D’ailleurs, je ne vous ferai pas l’injure, monsieur le garde des sceaux, de rappeler toutes les déclarations du Gouvernement exposant aux institutions européennes que, non seulement le procureur de la République et le procureur général, mais aussi le rapporteur public sont de véritables instances juridictionnelles.
Or l’article 34 de la Constitution énonce très clairement que la magistrature et les instances judiciaires ou juridico-juridictionnelles relèvent de la loi. Nous ne saurions donc considérer satisfaisant qu’un décret fixe dans quelles matières le rapporteur public aurait à exprimer des conclusions et dans quels domaines il n’aurait pas à le faire.
En troisième et dernier lieu, monsieur le garde des sceaux, nous saisirons bien entendu le Conseil constitutionnel de la suppression du classement de sortie des élèves de l’ENA.
Nous ne sommes pas de farouches partisans du classement ni de l’immobilisme. Nous ne sommes par fermés aux évolutions, à condition du moins que l’on respecte le principe d’égalité.
Je le rappelle, en première lecture, les orateurs de tous les groupes de cette assemblée, sans aucune exception, ont affirmé que, si le classement présentait, certes, des inconvénients – nous sommes un certain nombre à avoir passé des concours, nous pouvons donc en témoigner –, ceux-ci étaient nettement moindres, au regard des principes républicains, que ceux des procédures informelles que l’on veut mettre en place.
Quelles que soient les intentions, forcément excellentes, ces procédures engendreront le favoritisme, l’arbitraire et, finalement, le copinage. Cela n’est pas acceptable. C’est la raison pour laquelle, en vertu des principes républicains qui nous sont chers et en vertu du principe d’égalité, nous saisirons sur ce point aussi le Conseil constitutionnel.
Madame la présidente, je ne développerai pas, à mon tour, la question qu’ont abordée les précédents orateurs, celle du statut des textes de la nature de celui qui nous occupe. Nous n’y échapperons pas : je les ai vus fleurir, en trente années, et sous tous les gouvernements. Il existe cependant une manière de les éviter : il suffit de disposer de davantage de temps pour étudier davantage de lois.

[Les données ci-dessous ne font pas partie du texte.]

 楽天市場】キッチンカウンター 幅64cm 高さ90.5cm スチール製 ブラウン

Un texte comme celui-ci pouvait en effet donner lieu à de nombreux projets et propositions de loi, presque sur chaque sujet – sauf un certain nombre de questions mineures que l’on pouvait traiter autrement. Or, comme Mme Mathon-Poinat vient de le faire, chacun constate une inflation législative. Comment faire ?

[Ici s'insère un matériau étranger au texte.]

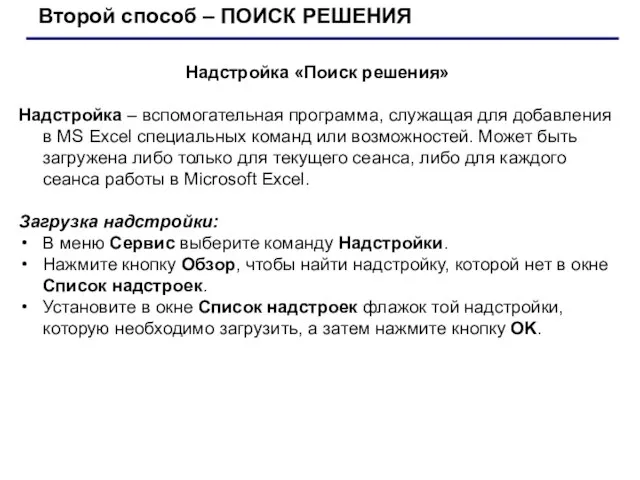 Второй способ – ПОИСК РЕШЕНИЯ Надстройка «Поиск решения» Надстройка – вспомогательная программа,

Il n’y a pas de miracle ! Un certain nombre de sujets abordés auraient mérité à eux seuls un débat législatif à part entière. Par conséquent, les parlementaires devraient être davantage occupés par le Parlement, ce qui suppose que l’on avance sur le chemin d’un moindre cumul des mandats afin que nous soyons disponibles pour examiner les textes qu’il nous faut examiner.
Nous sommes d’ailleurs les premiers – moi y compris – à dénoncer la profusion d’ordonnances. Si nous voulons moins d’ordonnances, il nous faut accomplir le travail législatif.